WORK TASK:
The records that follow should be copied out exactly, pictures excluded.
* * * *
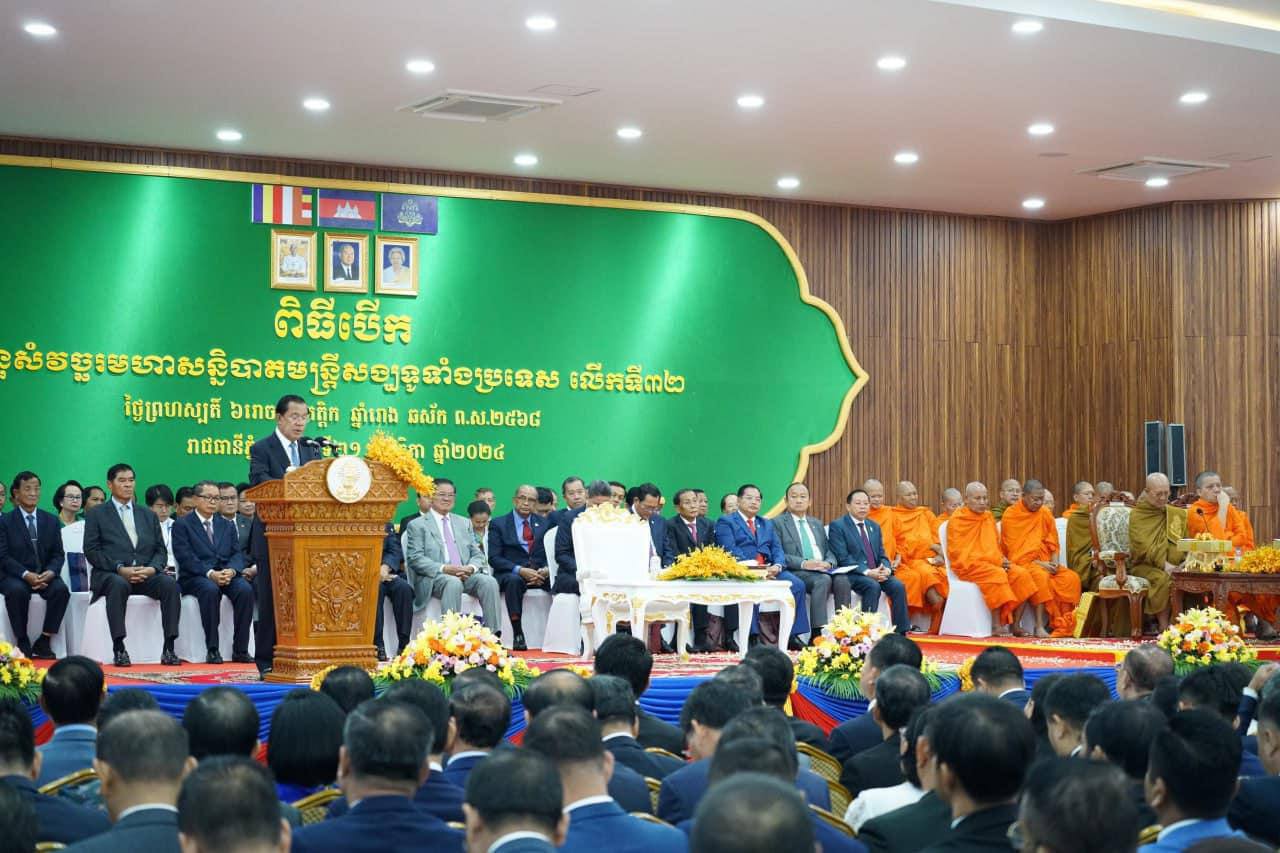 សម្ដេចតេជោ ស្នើដល់រដ្ឋមន្ត្រីក្រសួងធម្មការ និងសាសនា ពិនិត្យកែតម្រូវឡើងវិញលើឋានន្តរសក្ដិ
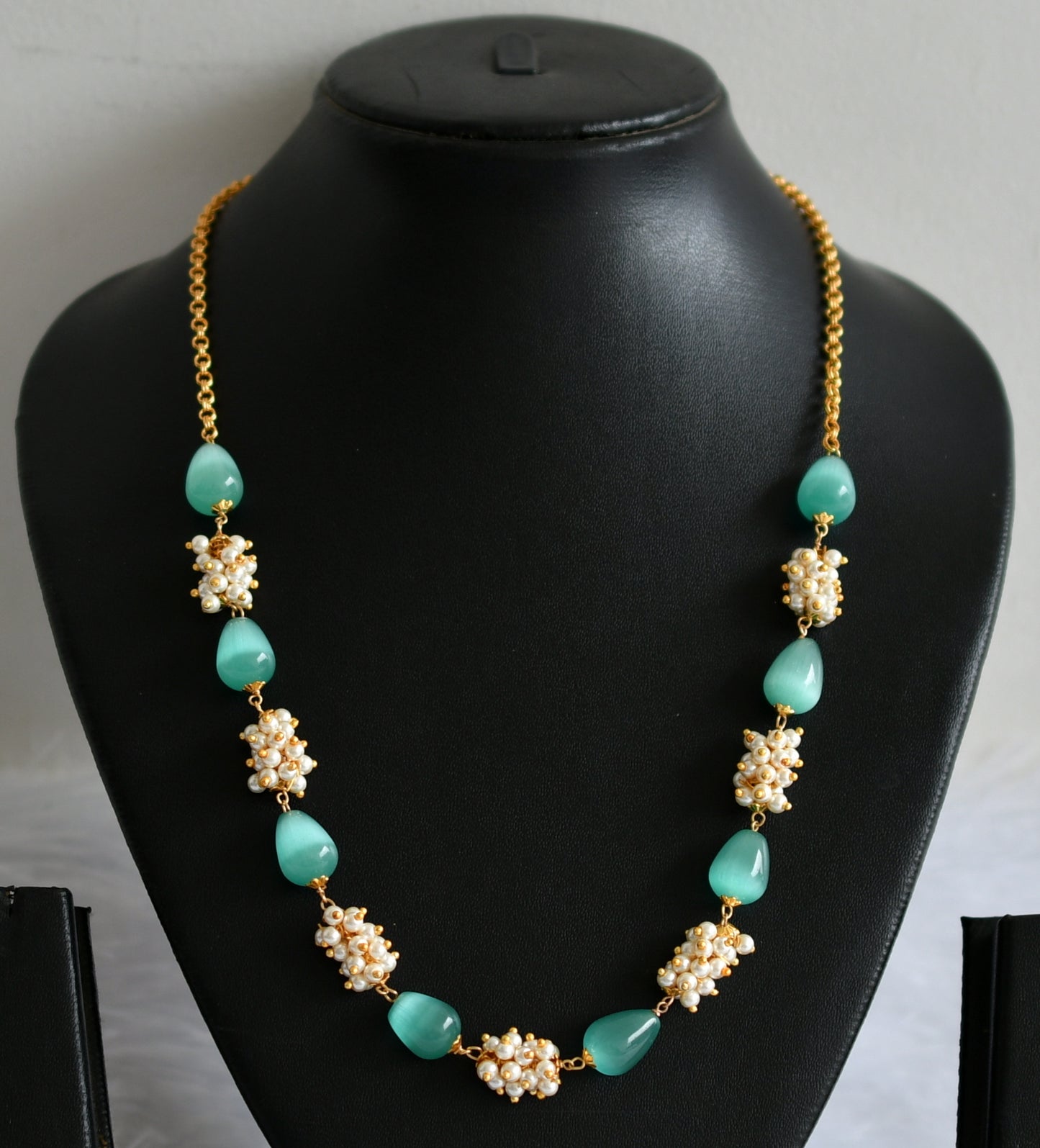 Gold tone sea green thilak beaded pearl cluster mala/necklace dj-49521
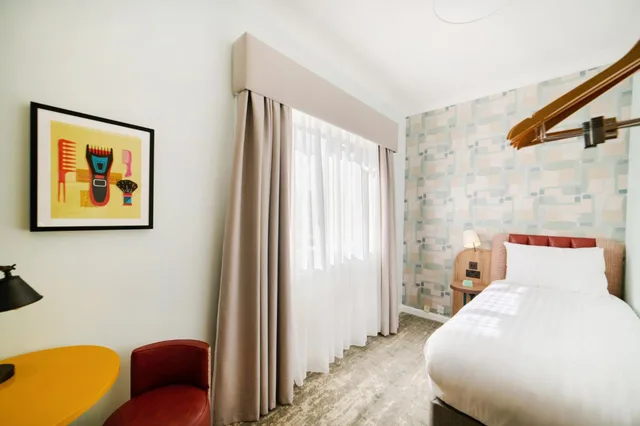 Standard, Single, Bridge House Hotel 1/3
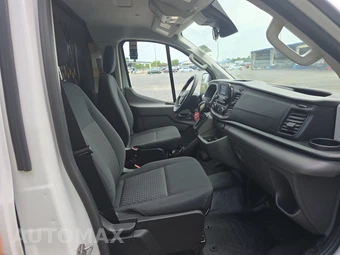 2025 Ford Transit 250 Cargo Van Low Roof 130.0" WB - miniatura 8
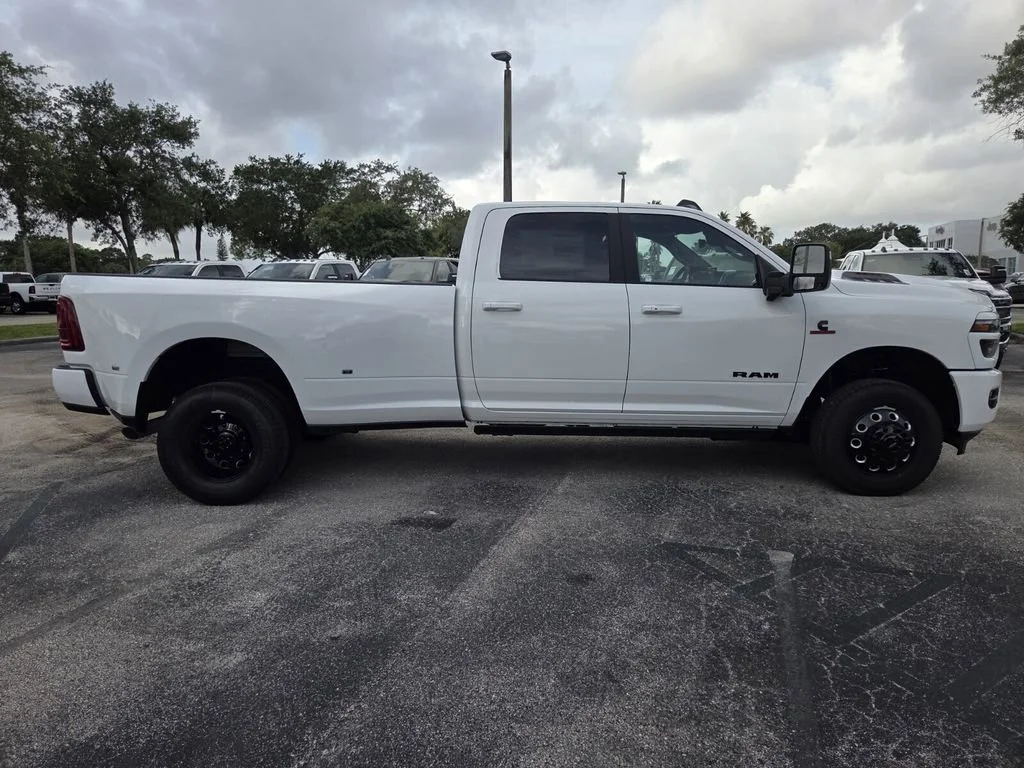 New 2026 Bright White Clear-Coat Exterior Paint RAM Laramie image 5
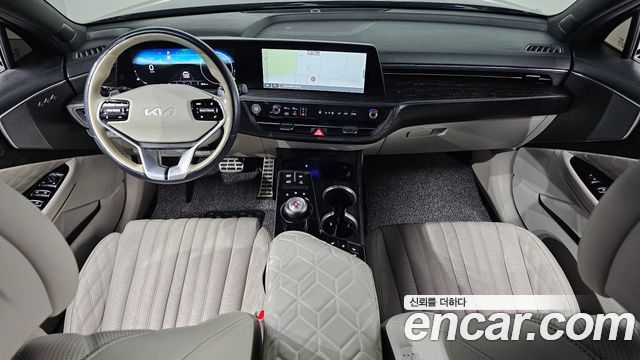 Kia K8 — interior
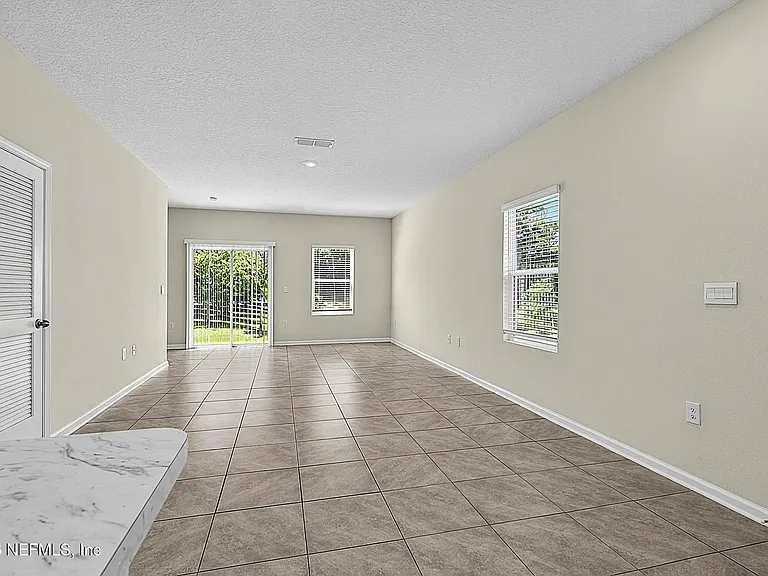 7739 Legacy Trl — Photo 6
* * * *
ANSWER FOR THE TASK:
 សម្ដេចតេជោ ស្នើដល់រដ្ឋមន្ត្រីក្រសួងធម្មការ និងសាសនា ពិនិត្យកែតម្រូវឡើងវិញលើឋានន្តរសក្ដិ
 Gold tone sea green thilak beaded pearl cluster mala/necklace dj-49521
 Standard, Single, Bridge House Hotel 1/3
 2025 Ford Transit 250 Cargo Van Low Roof 130.0" WB - miniatura 8
 New 2026 Bright White Clear-Coat Exterior Paint RAM Laramie image 5
 Kia K8 — interior
 7739 Legacy Trl — Photo 6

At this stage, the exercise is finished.